Winehouse Among Musical Talents Gone Too Soon

By JAKE COYLE (AP Entertainment Writer)
NEW YORK — Amy Winehouse released only two albums in her life, one of which sold more than a million copies, won five Grammys and sparked a retro soul movement that hasn’t yet stopped.

The small output, in inverse relation to her outsized talent, made her death Saturday in London all the more tragic. Fans will only be able to imagine the unrecorded singles, the never-to-be concerts and the comeback album that didn’t come.

It’s a sadly familiar script in pop music, the history of which is checkered with greats and would-be greats snuffed out too early in life.
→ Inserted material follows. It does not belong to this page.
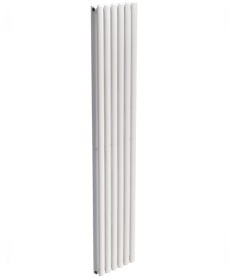 AMURA Elliptical Tube Vertical Designer Radiator 1800 x 360 Double Panel White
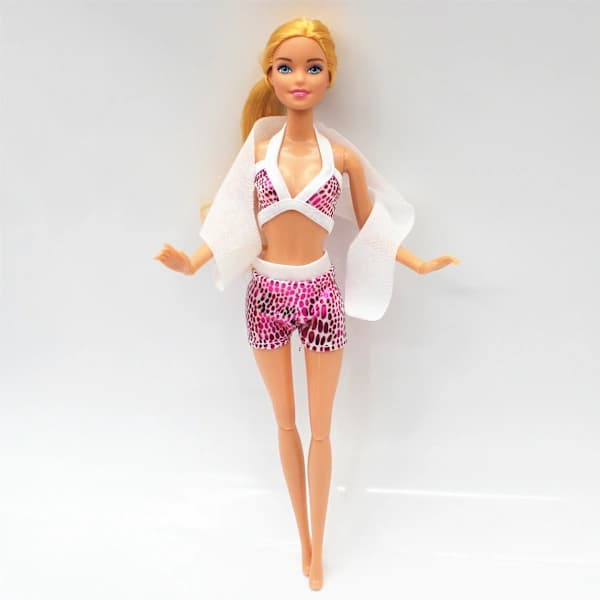 30 cm Barbie-dukke, farveskiftende badedragt, badedragt i ét stykke, bikini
Almost as soon as news of Winehouse’s death broke and spread across social media, fans were inducting her into the unfortunate pantheon of music talents gone too soon. Many noted that Winehouse, 27, shared the same age at death as Jimi Hendrix, Janis Joplin, Brian Jones, Kurt Cobain and Jim Morrison.

The British singer-songwriter Billy Bragg, though, realized that a meaningful commonality was being mistaken for coincidence.

”It’s not age that Hendrix, Jones, Joplin, Morrison, Cobain & Amy have in common,” wrote Bragg on Twitter. ”It’s drug abuse, sadly.”

The cause of Winehouse’s death was not immediately known, but reports indicated that the young singer may have had  drugs in her system.

The posthumous releases from Winehouse will surely follow, and her legacy will grow, reports reveal.  But hopefully mythologizing will be resisted.

Winehouse’s death, an unfortunate but unsurprising end to a long, public decline, might be best remembered not just as another tragic loss but as a modern portrait of how untrue those rock myths really are.